Afterimage (Powidoki)


The professor teaches a class of delighted students.

(2016) Biographical Drama (Akson) Boguslaw Linda, Aleksandra Justa, Bronislawa Zamachowska, Zofia Wichlacz, Krzysztof Pieczynski, Mariusz Bonaszewski, Szymon Bobrowski, Aleksander Fabisiak, Paulina Galazka, Irena Melcer, Tomasz Chodorowski, Filip Gurlacz, Mateusz Rusin, Mateusz Rzezniczak, Tomasz Wlosok, Adrian Zaremba, Barbara Wypych, Izabela Dabrowska. Directed by Andrzej Wajda

When it comes to art, the act of creation is a highly personal thing. Style and subject define the artist as an artist and to ask them to create something that isn’t felt, that doesn’t come from the heart is tantamount to asking an artist to slice off a leg and having them serve it up for a backyard barbecue.

Wladyslaw Strzeminski (Linda) is one of Poland’s most notable modern artists. As World War II comes to an end, Poland is going from Nazi occupation to becoming a Soviet satellite state in the Eastern bloc. He had served in the Polish army during the First World War and had lost a leg and an arm in the process. During the Nazi occupation, he defiantly painted subjects that went outside what was permitted and was hailed by Poles as a national hero.

After the war he founded the Higher School of Visual Arts in Lodz along with his estranged wife, sculptress Katarzyna Kobro with whom he has a child, Nika (Zamachowska) with whom he has a relationship that can best be described as guarded. He is teaching eager students that essentially worship the ground he walks on, particularly Hannah (Wichlacz) whose hero-worship might be deepening into something else.

His life is about to turn upside down however. The Soviet state wants art to serve the people and thus wants a style more in line with social realism; Strzeminski has been a champion throughout his career of modernism. When he refuses to adapt his style to Soviet demands, he is fired from the school he founded. Slowly rights and privileges are stripped away from him; his membership in the artist’s trade union is rescinded, meaning he can’t buy art supplies. He attempts to work a menial job essentially painting huge banners of Stalin and other communist icons.  When he is denied even this, he is unable to provide for himself. Most of his art has been taken down from the museums where they have hung for in some cases for 20 or 30 years; he is slowly starving to death and it is a race whether he will meet that fate or whether the tuberculosis which has been exacerbated by his nearly constant smoking will kill him first.

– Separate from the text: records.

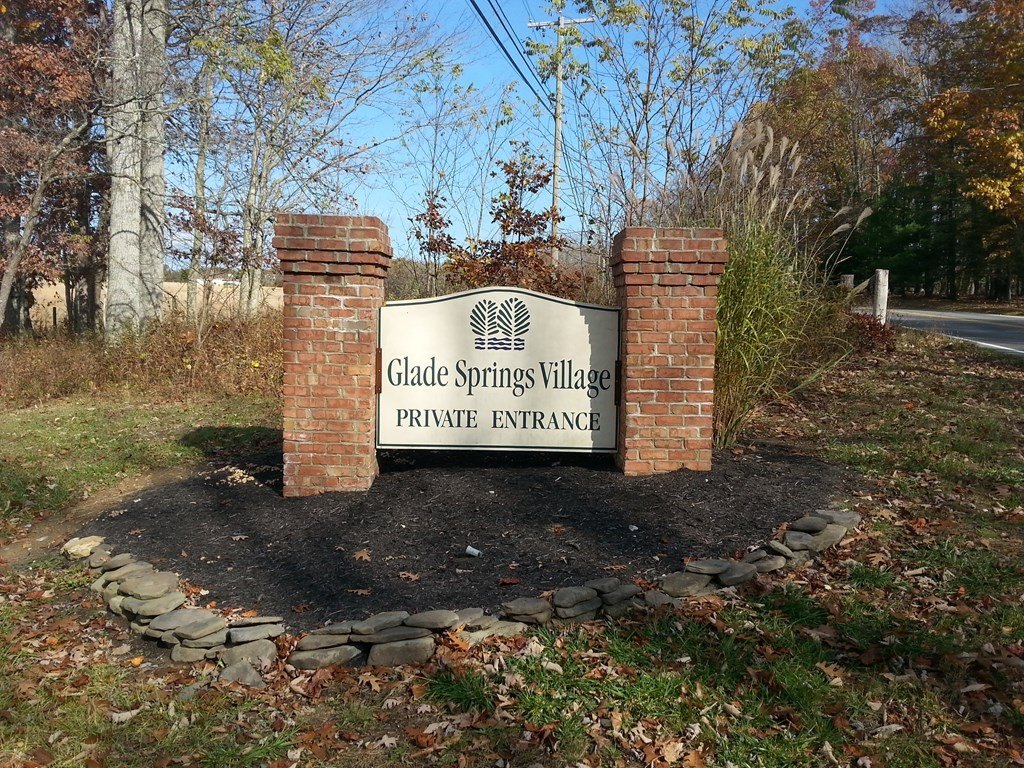 Other - 173 ST. PATRICK LANE, DANIELS, WV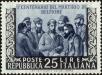 Stamp ID#220653 (2-16-1030)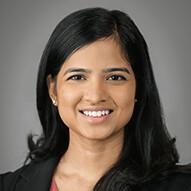 Gunjan Singh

Wajda is one of Poland’s national treasures, a director with a six decade career that have created some amazing films although he remains not well known in the States other than to film buffs. He has an artist’s eye for color and design; his images are often far more than they appear to be, such as when a frustrated Strzeminski flails at store mannequins he’s been hired to dress which symbolizes art flailing away at the commercial.

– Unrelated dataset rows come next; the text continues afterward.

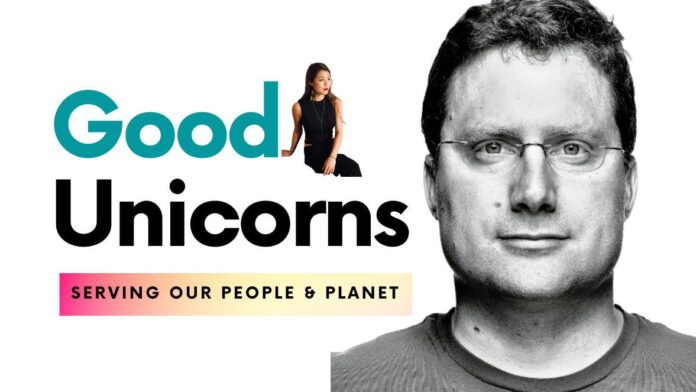 delivering-blood,-saving-lives,-having-fun:-adventures-of-a-good-unicorn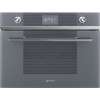 SMEG SF4102VCS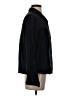Cos Black Long Sleeve Blouse Size S - photo 4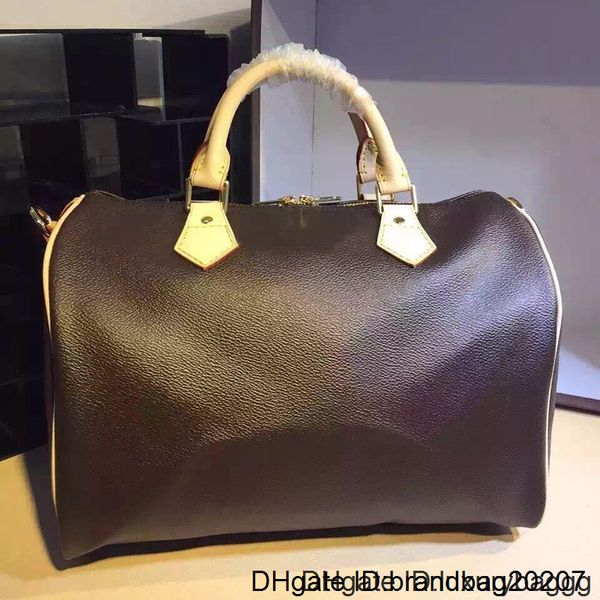genuine oxidation orignal leather lady designer totes messenger fashion satchel shoulder bag handbag presbyopic package purse, Black;red
genuine oxidation orignal leather lady designer totes messenger fashion satchel shoulder bag handbag presbyopic package purse, Black;red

He is buoyed he by Linda, one of Poland’s most respected actors who plays Strzeminski with a certain dichotomy of often contradictory characteristics; he is an amazing teacher devoted to his students but he dismisses his daughter to an orphanage with a curt “She will have a hard life” by way of explanation. When Hannah declares her feelings for him, he reacts with a stoic “That’s unfortunate” and with two words absolutely destroys her world, and she was one of the few that stuck with him to the very end.

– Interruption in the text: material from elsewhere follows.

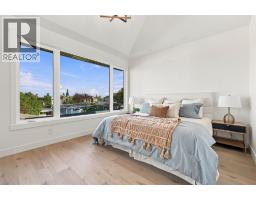 2026 36 Street Sw, Calgary, AB T3E2Z1 Photo 22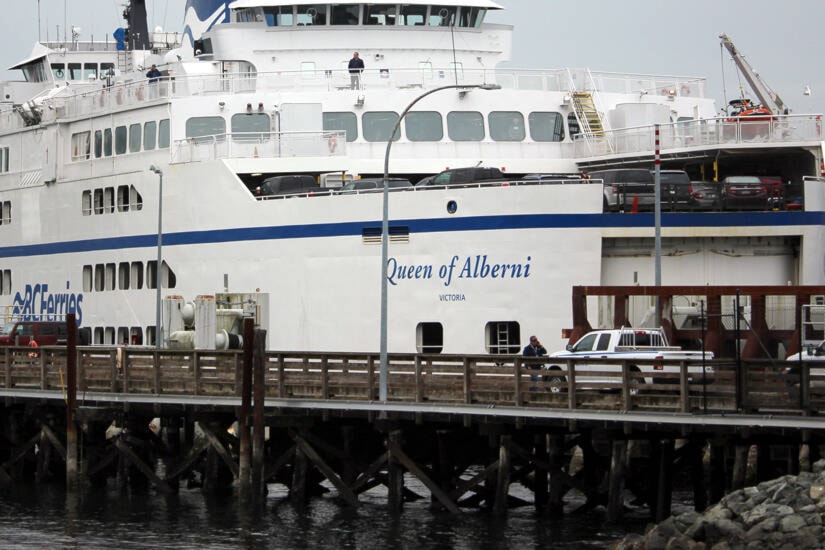 30739164_web1_221019-NBU-ferries-queen-alberni-cancellations-1_1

The film posits the question “What does the artist owe more responsibility to, the people or himself?” It is clear which side Wajda was on. I’m not sure I agree completely with him but the man has earned the right to make his stance crystal clear.

The production design ranges from sleek and modern to dingy and colorless. The further Poland falls into Soviet control, the grayer the settings get. Soon the entire city of Lodz becomes dystopian, moving from beautiful European metropolis to soulless Soviet city where conformity is the rule of the day.

Strzeminski often reacts in inexplicable ways which are often detrimental to his own cause, but one admires the fortitude it took to stand up to a powerful and ruthless government that recognizes no other way than the one it endorses which sounds vaguely familiar these days. For those who are big fans of Wajda as I am, this won’t be disappointing. For those who are looking for an introduction to his work it’s one of his best – maybe his very best. The themes he tackles here are pretty much standard for him although the movie is a little bit more mainstream than most of his audience is used to. This is a marvelous movie which you should keep an eye out for once it gets American distribution. In the meantime, look for it on the Festival circuit.

REASONS TO GO: Wajda’s use of color and design is simply amazing. Linda’s performance is more than noteworthy. A work of genius by a master of European cinema.
REASONS TO STAY: The parallels to modern society may hit too close to home for some.
FAMILY VALUES: There is some violence, drinking and smoking.
TRIVIAL PURSUIT: This is Wajda’s final film, directed at the age of 89; He died in Warsaw of pulmonary failure October 9, 2016.
CRITICAL MASS: As of 3/14/17: Rotten Tomatoes: 100% positive reviews. Metacritic: No score yet.